Nigeria’s political evolution has produced many paradoxes, but few are as revealing—or as consequential—as the phenomenon of Nigeria political defection. What was once exceptional has gradually hardened into a political culture, a doctrine of convenience that now sits uneasily with constitutional order and democratic ethics.
At the centre of this reality lies not just one party or coalition, but a pattern that cuts across the entire political class. Platforms change. Actors remain. Alignments shift. Interests endure. The question is no longer whether defection is occurring, but whether it has become the organising principle of Nigerian politics.
The Constitutional Reality vs Political Practice
The law, at least on paper, is unambiguous. Sections 68(1)(g) and 109(1)(g) of the 1999 Constitution provide that:
“a legislator who defects from the party that sponsored his election must vacate his seat, except in cases of division within the party or merger.”
The logic is sound. Electoral mandates are not personal trophies; they are political trusts anchored on party platforms. When that platform is abandoned, the legitimacy of continued representation is called into question.
In theory, the law is firm. In practice, it is elastic.
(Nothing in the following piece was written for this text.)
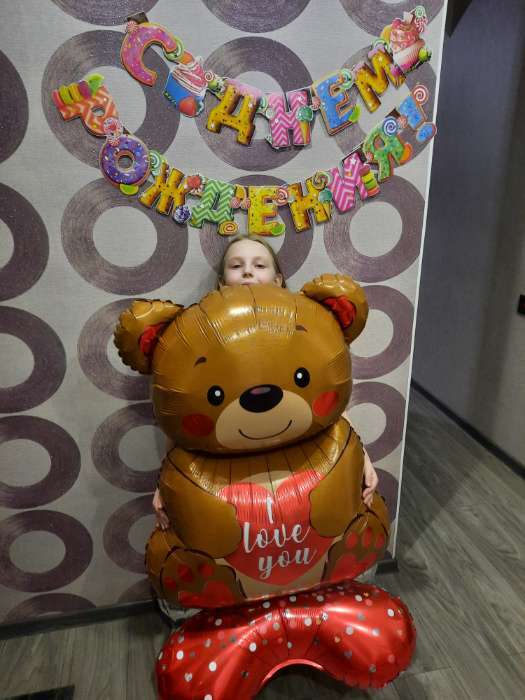 Фотография покупателя товара Воздушный шар фольгированный 58" «Медведь с сердцем», под воздух - Фото 1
Nigeria political defection occurs with striking regularity, yet consequences rarely follow. The constitutional exception of “division within the party” has been stretched into a convenient justification. It is invoked repeatedly to legitimise movement that is, in essence, simple political repositioning. What was designed as a safeguard has become an escape route.
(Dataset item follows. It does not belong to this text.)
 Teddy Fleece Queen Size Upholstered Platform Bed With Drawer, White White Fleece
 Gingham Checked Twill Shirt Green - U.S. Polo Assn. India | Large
A Cross-Party Culture of Realignment
If defection were confined to one political party, it might be dismissed as internal instability. But it cuts across all platforms—from the Peoples Democratic Party (PDP) to the All Progressives Congress (APC), from the Labour Party to the African Democratic Congress (ADC).
This party realignment across all parties does not invalidate the law; it exposes the absence of ideological anchoring within the system. Political parties should represent distinct ideas and visions. In Nigeria, they often function instead as vehicles for power acquisition. When politicians move, they are switching platforms while retaining the same networks and ambitions.
The ADC and the “Alliance of Convenient Democrats”
It is within this context that the current coalition around the African Democratic Congress must be understood. ADC was conceived as a third-force platform, a potential vehicle for renewal. Yet its present configuration reflects a convergence of actors whose trajectories span both the PDP era and the APC ascendancy.
These are not outsiders to power. They are, in many cases, its long-standing custodians. The restructuring of power under President Bola Ahmed Tinubu altered internal balances. Out of that recalibration has emerged a coalition—less a new political force than a reassembly of familiar actors.
The Erosion of Democratic Ethics
This fluidity carries heavy consequences for the nation. It undermines the voter mandate, as citizens vote for platforms based on programmes. When officials abandon those platforms, the link between voter choice and governance weakens.
Within this marketplace, the present coalition assumes a definable character—an Alliance of Convenient Democrats. The constitutional provisions on defection were designed to stabilise the system. However, they operate in an environment that rewards movement. Where incentives favour defection, legal constraints are stretched and often bypassed.
Postscript: When the Referee Blows the Whistle
As the theatre of realignment gathers pace, the intervention of the electoral umpire offers a sobering reminder. The Independent National Electoral Commission (INEC) has moved to delist the names of David Mark and Rauf Aregbesola as National Chairman and National Secretary of the ADC, withholding recognition of activities tied to contested leadership.
This is more than administrative housekeeping. It is institutional signalling. Authority in a democracy is not conferred by prominence, but grounded in process.
Nigeria does not lack laws governing political behaviour. What it lacks is a political culture that treats those laws as binding. For when every party becomes a temporary address, movement is no longer remarkable. It becomes routine. And when it becomes routine, the law is not necessarily broken; it is simply ignored.